At law, the definition of a person includes both natural and juristic
persons. The plaintiff was therefore right in filing a Notice of
Change of Status when it was placed under liquidation.
HERBSTEIN
and Van WINSEIN, The
Civil Practice of the High Courts of South Africa,
5ed,
Volume 1…, says that the expression locus
standi in judicio
literally means “place to stand before a court.” It states that
the term is used in two senses;
(i)
Firstly, it refers to the capacity of a natural person, or juristic
person, to institute and defend legal proceedings.
(ii)
Secondly, it refers to the interest which a party has in the relief
claimed or the party's right to claim a relief.
In
casu,
the
defendants are concerned with the plaintiff's capacity to sue. They
are saying that the plaintiff, being a company now under liquidation,
it has no capacity to sue because its liquidator did not obtain the
leave of the court to sue or to continue with litigation from the
time it was placed under liquidation.
What
is in issue is whether or not a company which is the plaintiff in
proceedings which have commenced requires the leave of the court to
continue with the proceedings if it is placed under liquidation
before the proceedings are finalised.
Counsel
for the plaintiff submitted that there is a distinction between a
situation where a company wants to institute proceedings for the
first time and where a company wants to continue with proceedings
which have already commenced. He argued that, in terms of section
221(2) of the Companies Act, the liquidator only requires the leave
of the court in a situation where he intends to commence proceedings
on behalf of the company. He said that in a situation where
proceedings commenced before placement in liquidation, like what
happened in the present case, the liquidator does not require the
leave of the court to continue with the proceedings.
The
effect of a winding up order is to freeze the company's affairs in
a number of respects and this includes legal proceedings, attachments
and executions (section 213(a) and (b) of the Companies Act).

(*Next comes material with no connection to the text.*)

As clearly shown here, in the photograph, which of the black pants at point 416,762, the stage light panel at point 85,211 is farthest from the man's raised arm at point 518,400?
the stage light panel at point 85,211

Dispositions of property and share transfers of the company may only
be made with the leave or permission of the court (section 213(c) of
the Companies Act).
In
my view, the mischief behind seeking the leave of the court is to
preserve the assets of the company for the benefit of the creditors.
The powers of the directors cease – section 253 of the Companies
Act. A liquidator is appointed to run the affairs of the company
instead. In terms of section 221 of the Companies Act, which sets out
the powers of the liquidator, there are powers that the liquidator
exercises without further authority. There are some powers that he
exercises with the authority of a joint meeting of creditors and
contributories. There are some powers which require him to exercise
with the leave of the court.
What
is clear to me from the reading of section 221(2) of the Companies
Act is that in every case where a liquidator intends to initiate
legal proceedings which have not commenced at all on behalf of the
company, be they of a civil or criminal nature, he cannot do so
without seeking the leave of the court.
What
is not clear on the face of the provision is whether or not the leave
of the court is required in proceedings which commenced before
liquidation which the liquidator now wants to proceed with after
taking over the running of the company. The question is: can the
liquidator simply take over the proceedings and continue with them
without first obtaining the leave of the court?
The
answer to this question lies in the interpretation of the phrase, “to
bring an action”. The question is what is to bring an action? The
catch here is, does the phrase “to bring an action” also include
or mean 'to continue or proceed with an action?'
The
Concise
Oxford English Dictionary,
12ed, defines the word 'bring' as;
(i)
Cause to move or to come into existence; and
(ii)
Initiate (legal action).
With
these definitions in mind, one has to consider that the effect of a
liquidation order is to freeze the affairs of the company with a view
to preserve its assets. Any disposal of the assets of the company,
without the leave of the court, is void (section 213(c) of the
Companies Act). When the affairs of the company have been frozen it
means that they have been stopped or rendered motionless. The assets
of the company are prevented from being used for that time. So when a
liquidator is appointed he starts running the affairs of the company.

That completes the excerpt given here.